**WORK TASK**
The answer must consist of the entire listing, repeated exactly.

**MATERIAL FOR THIS EXERCISE**
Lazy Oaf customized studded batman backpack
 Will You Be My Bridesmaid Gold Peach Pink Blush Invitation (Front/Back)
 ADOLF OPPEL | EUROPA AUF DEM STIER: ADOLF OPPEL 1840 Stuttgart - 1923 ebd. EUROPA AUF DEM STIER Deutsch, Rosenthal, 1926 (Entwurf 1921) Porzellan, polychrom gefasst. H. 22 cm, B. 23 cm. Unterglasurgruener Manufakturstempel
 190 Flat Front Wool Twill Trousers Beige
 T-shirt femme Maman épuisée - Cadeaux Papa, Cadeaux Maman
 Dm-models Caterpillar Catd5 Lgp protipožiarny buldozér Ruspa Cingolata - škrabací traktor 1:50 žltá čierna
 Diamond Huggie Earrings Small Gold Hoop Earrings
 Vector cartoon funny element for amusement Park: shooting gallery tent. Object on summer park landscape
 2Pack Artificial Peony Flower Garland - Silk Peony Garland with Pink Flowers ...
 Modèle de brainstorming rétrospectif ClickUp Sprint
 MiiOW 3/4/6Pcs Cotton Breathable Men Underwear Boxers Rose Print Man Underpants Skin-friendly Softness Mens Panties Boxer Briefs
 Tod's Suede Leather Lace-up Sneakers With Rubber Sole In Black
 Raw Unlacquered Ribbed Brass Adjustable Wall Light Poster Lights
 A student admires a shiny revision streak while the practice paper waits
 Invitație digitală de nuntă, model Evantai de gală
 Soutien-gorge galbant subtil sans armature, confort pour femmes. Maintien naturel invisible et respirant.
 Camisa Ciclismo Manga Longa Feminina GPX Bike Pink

**ANSWER TO THIS EXERCISE**
Lazy Oaf customized studded batman backpack
 Will You Be My Bridesmaid Gold Peach Pink Blush Invitation (Front/Back)
 ADOLF OPPEL | EUROPA AUF DEM STIER: ADOLF OPPEL 1840 Stuttgart - 1923 ebd. EUROPA AUF DEM STIER Deutsch, Rosenthal, 1926 (Entwurf 1921) Porzellan, polychrom gefasst. H. 22 cm, B. 23 cm. Unterglasurgruener Manufakturstempel
 190 Flat Front Wool Twill Trousers Beige
 T-shirt femme Maman épuisée - Cadeaux Papa, Cadeaux Maman
 Dm-models Caterpillar Catd5 Lgp protipožiarny buldozér Ruspa Cingolata - škrabací traktor 1:50 žltá čierna
 Diamond Huggie Earrings Small Gold Hoop Earrings
 Vector cartoon funny element for amusement Park: shooting gallery tent. Object on summer park landscape
 2Pack Artificial Peony Flower Garland - Silk Peony Garland with Pink Flowers ...
 Modèle de brainstorming rétrospectif ClickUp Sprint
 MiiOW 3/4/6Pcs Cotton Breathable Men Underwear Boxers Rose Print Man Underpants Skin-friendly Softness Mens Panties Boxer Briefs
 Tod's Suede Leather Lace-up Sneakers With Rubber Sole In Black
 Raw Unlacquered Ribbed Brass Adjustable Wall Light Poster Lights
 A student admires a shiny revision streak while the practice paper waits
 Invitație digitală de nuntă, model Evantai de gală
 Soutien-gorge galbant subtil sans armature, confort pour femmes. Maintien naturel invisible et respirant.
 Camisa Ciclismo Manga Longa Feminina GPX Bike Pink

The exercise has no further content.